菅義偉が明かす「携帯料金4割値下げ」発言の舞台裏とは?Photo:gettyimages

私が注力した政策の一つに「携帯電話料金の引き下げ」がある。この政策に込めた思いと実現に至るまでの舞台裏、そして政策の成果を振り返りたい(肩書は全て当時のもの)。(第99代内閣総理大臣/衆議院議員 菅 義偉)

大きな波紋を呼んだ
官房長官としての発言

「日本の携帯電話料金は高い。今より4割程度下げる余地がある」

 官房長官として公の場でこう発言したのは、2018年8月、札幌市で行われた講演でのことだった。

 この発言は大きな波紋を呼んだ。

 当時から、国民の共有財産である「公共の電波」を利用して事業を展開している通信会社の大手3社――NTTドコモ、ソフトバンク、KDDI――は、国民から過大ともいえる通信料を徴収し、軒並み20%程度の営業利益率を得ていた。

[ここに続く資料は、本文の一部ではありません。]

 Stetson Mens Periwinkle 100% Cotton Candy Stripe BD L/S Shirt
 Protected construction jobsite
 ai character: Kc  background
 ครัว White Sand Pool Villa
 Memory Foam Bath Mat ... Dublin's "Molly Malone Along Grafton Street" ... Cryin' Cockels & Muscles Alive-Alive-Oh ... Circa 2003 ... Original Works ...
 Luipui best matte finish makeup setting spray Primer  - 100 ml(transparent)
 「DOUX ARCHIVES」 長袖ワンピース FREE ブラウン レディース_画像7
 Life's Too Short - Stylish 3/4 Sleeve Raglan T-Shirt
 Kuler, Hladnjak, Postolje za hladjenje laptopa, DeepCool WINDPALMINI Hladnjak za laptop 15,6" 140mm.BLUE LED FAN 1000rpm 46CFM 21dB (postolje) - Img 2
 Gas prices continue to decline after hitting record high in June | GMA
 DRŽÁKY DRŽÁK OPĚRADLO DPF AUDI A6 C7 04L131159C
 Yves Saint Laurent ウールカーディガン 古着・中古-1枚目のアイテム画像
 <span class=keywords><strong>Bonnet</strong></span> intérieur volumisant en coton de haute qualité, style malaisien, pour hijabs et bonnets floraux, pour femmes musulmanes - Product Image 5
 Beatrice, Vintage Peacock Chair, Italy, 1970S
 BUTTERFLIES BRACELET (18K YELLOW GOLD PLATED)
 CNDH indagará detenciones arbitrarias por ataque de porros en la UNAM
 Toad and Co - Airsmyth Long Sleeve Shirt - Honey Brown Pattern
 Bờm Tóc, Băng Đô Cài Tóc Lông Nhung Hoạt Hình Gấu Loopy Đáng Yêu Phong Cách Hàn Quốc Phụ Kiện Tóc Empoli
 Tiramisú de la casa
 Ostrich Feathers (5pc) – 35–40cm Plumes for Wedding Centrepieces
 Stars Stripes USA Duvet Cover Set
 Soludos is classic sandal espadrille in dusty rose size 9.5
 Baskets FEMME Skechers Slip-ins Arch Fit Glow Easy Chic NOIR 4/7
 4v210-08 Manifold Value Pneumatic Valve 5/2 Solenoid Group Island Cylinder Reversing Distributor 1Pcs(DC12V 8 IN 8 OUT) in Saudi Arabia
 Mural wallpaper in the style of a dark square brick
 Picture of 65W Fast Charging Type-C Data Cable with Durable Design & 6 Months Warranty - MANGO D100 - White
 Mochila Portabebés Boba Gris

 3社で市場の約9割のシェアを維持し続ける一方、各社横並びの料金体系で競争が働いていない疑いが強い。そうした疑問から、私なりにさまざまなルートで実態を調査した上での発言だった。

 その根幹には、「こうした通信事業者のあり方は、国民から見てもおかしいのではないか」との思いもあった。

「国民にとって当たり前だと思うことを、当たり前にやる」

 これを一つの政治信条にしてきた私にとって、携帯料金を引き下げ、国民の負担感を軽減することは急務だった。また、第1次安倍政権で総務大臣を務めて以降、通信行政には改革の余地があり、そこにしっかりメスを入れたいと考えてもいたのである。この発言により、携帯料金の値下げが一躍、国民の一大関心事になった。

「4割値下げ」発言に対し、大手3社からはもちろん、それ以外からも反発があった。政府が民間企業に介入するのかとの声もあった。しかしこの批判は当たらないと考えている。冒頭でも述べた通り、通信事業者が使っているのは「公共の電波」だからだ。

 既に15年10月、安倍政権は携帯料金の問題点を議論する有識者会議を開いている。これは同年9月に安倍晋三総理が経済財政諮問会議で「携帯電話料金の家計負担軽減が大きな課題だ」と述べたことが発端だった。

 有識者会議では通信事業者3社の料金が横並びであること、契約や料金の体系が複雑で利用者に分かりづらいことなどが指摘されていた。この時点で、端末が「実質ゼロ円」で販売される実態や、高額のキャッシュバック、長期契約が前提で解約の際には多額の違約金の支払いを求められる「2年縛り」などが問題視されていたのだ。

 私も当時、極めて硬直的な料金プランについて問題を指摘している。国民から見て、自分の使い方、特にライトユーザーの使い方に合った柔軟な料金プランが用意されていなかったからだ。